The Copernicus EO programme is a cooperation of the European Union (EU) and the European Space Agency (ESA). This agency is responsible for coordinating the satellite acquisition and delivery of the EO data. Since the launch in 2014 of Sentinel-1A, the fleet of Sentinel satellites is delivering data for environmental monitoring and civil security applications.

Copernicus is served by a set of dedicated satellites (the Sentinel families) and contributing missions (existing commercial and public satellites).
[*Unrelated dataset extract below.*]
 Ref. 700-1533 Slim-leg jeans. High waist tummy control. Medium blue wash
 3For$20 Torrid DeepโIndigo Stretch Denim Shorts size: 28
The Sentinel satellites are specifically designed to meet the needs of the Copernicus services and their users (Table 4.1).

Table 4.1 Sentinel missionsFootnote

https://sentinels.copernicus.eu/web/sentinel/missions.

Thematic Services

Besides the Sentinel satellite constellation, Copernicus also provides access to specific services, which fall into six main thematic categoriesFootnote 8: services for land management, services for the marine environment, services relating to the atmosphere, services to aid emergency response, services associated with security and services relating to climate change.

  • Land Monitoring: Monitoring the Earth's land is useful for many fields, particularly agriculture, forestry, topography and land-cover and land-change studies. The data can be used to track current trends and predict future changes.

  • Marine Monitoring: Information on the state and dynamics of the ocean and coastal zones can be used to help protect and manage the marine environment and resources more effectively, as well as ensure safety at sea and monitor pollution from oil spills and other events.

  • Atmospheric Monitoring: Monitoring the quality and condition of our planet's atmosphere is important in that it helps us to understand how we may be affected and is an essential tool in forecasting weather events.

  • Managing Emergency: When an emergency occurs, satellite data can prove essential in forming a response. Historical data can provide perspective on a situation, while current data can help to analyse and manage the emergency.

  • Security: Surveillance and security can be difficult to manage from the ground. Observations from space can make monitoring borders and sea routes much easier and track developing situations.

  • Climate Change: Satellites are a vital tool in monitoring our world's changing climate, providing wide-scale views of affected areas and contributing to growing archives of data for use in long-term studies.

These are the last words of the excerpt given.